И вот, наконец, после всего этого нагромождения слов мы посмотрим друг на друга и он скажет: поехали домой. И мы поедем. Конечно же, на такси. И дома будем очень осторожны друг с другом, особенно первое время, первые недели, может, месяц. А потом однажды он придет домой слегка подшофе, а я задержусь у подружки и вернусь после одиннадцати. Потом я буду все чаще проводить выходные в одиночестве, пока он пьет у метро пиво с каким-нибудь приятелем из фирмы контрагента. И обязательно настанет день, когда он домой практически вползет и обязательно станет ко мне приставать особенно мерзко, и от него будет ужасно пахнуть, и он будет нести какой-то бред.
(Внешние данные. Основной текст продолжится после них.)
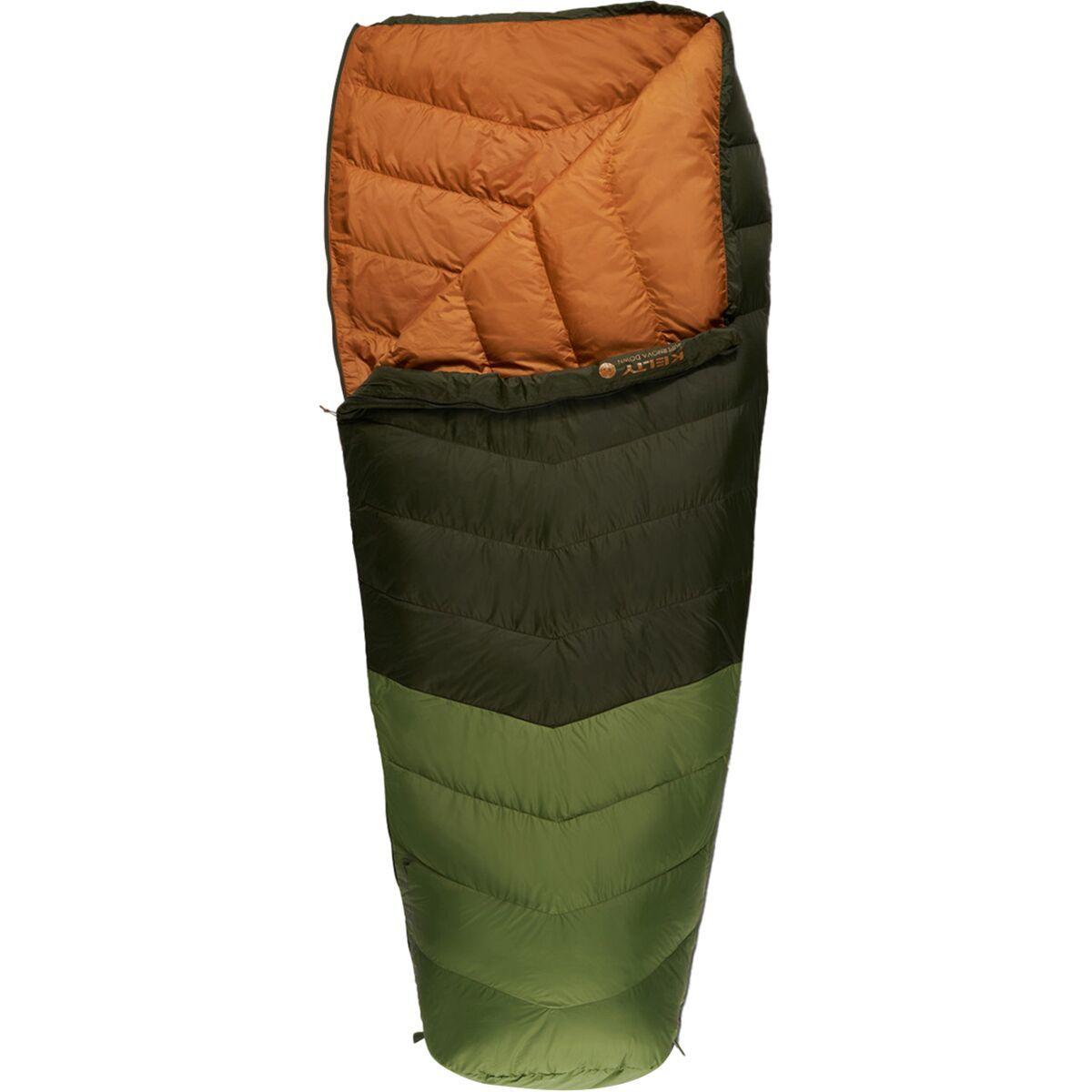 Kelty Kelty Supernova 40 Sleeping Bag: 40F Down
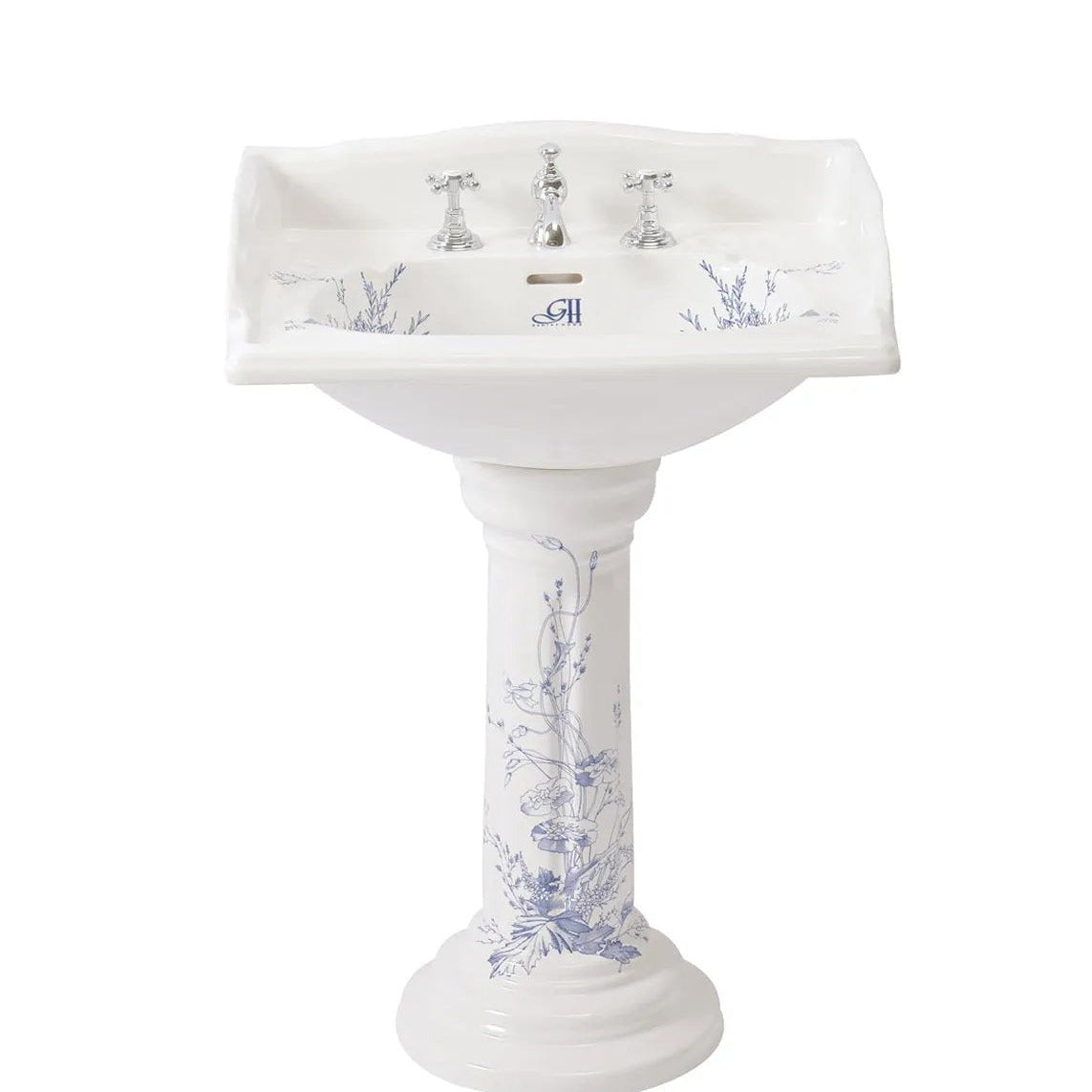 Gentry Home Victorian Sanitari Koleksiyonu | Klasik Banyo Seramiği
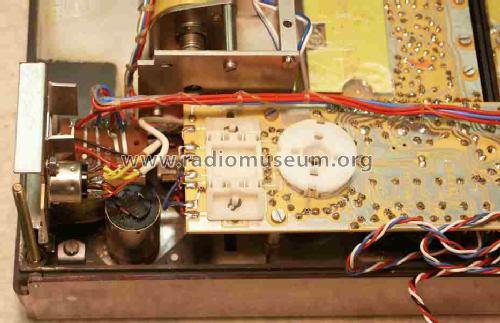 Minigor Kompaktschreiber RE 510; Metrawatt, BBC Goerz (ID = 1424068) Equipment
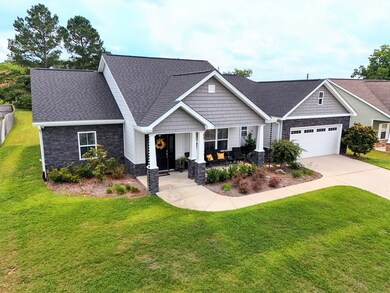 109 Halls Creek Ln, Dothan, AL 36301 - photo 3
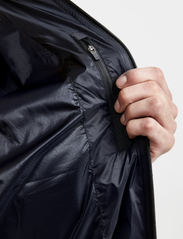 Craft - ADV Explore Down Jacket M - padded jackets - black - 4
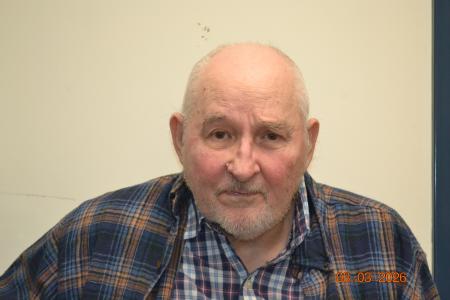 Sherman Willis Harris a registered Sex Offender of Tennessee
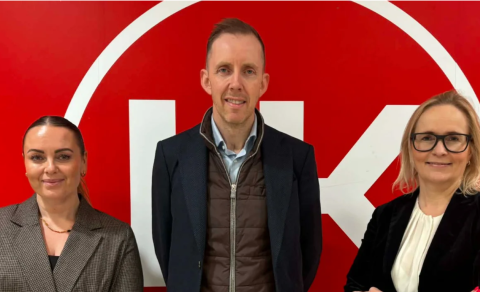 Í viðtali við Kópavogspóstinn ræðir Sveinbjörn fyrstu skrefin í starfi, framtíðarsýn sína fyrir HK o&hellip;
А я… задержусь уже у какого-нибудь друга, хоть и буду чувствовать себя при этом последней свиньей. И все будет по-старому, по-нашему, и ничего изменить нельзя. От этого знания мне хотелось закричать. Я так устала от этой неизбежности.
– Марго, я просто не знаю, как тебе это сказать.
– Скажи как есть, – обреченно кивнула ему я.
– Ты должна знать… я пришел, чтобы сказать, что… чтобы ты, ну… была в курсе, что ли!
– И? – похолодела я. Он что, не читал сценарий? Забыл слова?
– В общем… я встретил другую женщину, – собравшись с духом, вдруг выпалил он и застыл.
– Что-что? – переспросила я. Мне показалось, что я ослышалась. Захотелось попрыгать на одной ножке, чтобы выбить из уха пробку, из-за которой мне показалось, что я услышала подобную ерунду. Что такое? Он встретил? Кого? Женщину? Не смешите меня! И кто – Кешка? Три раза ха-ха!
– Я тут… встретил…
– Ты это серьезно? – неожиданно тихо, срываясь, переспросила я.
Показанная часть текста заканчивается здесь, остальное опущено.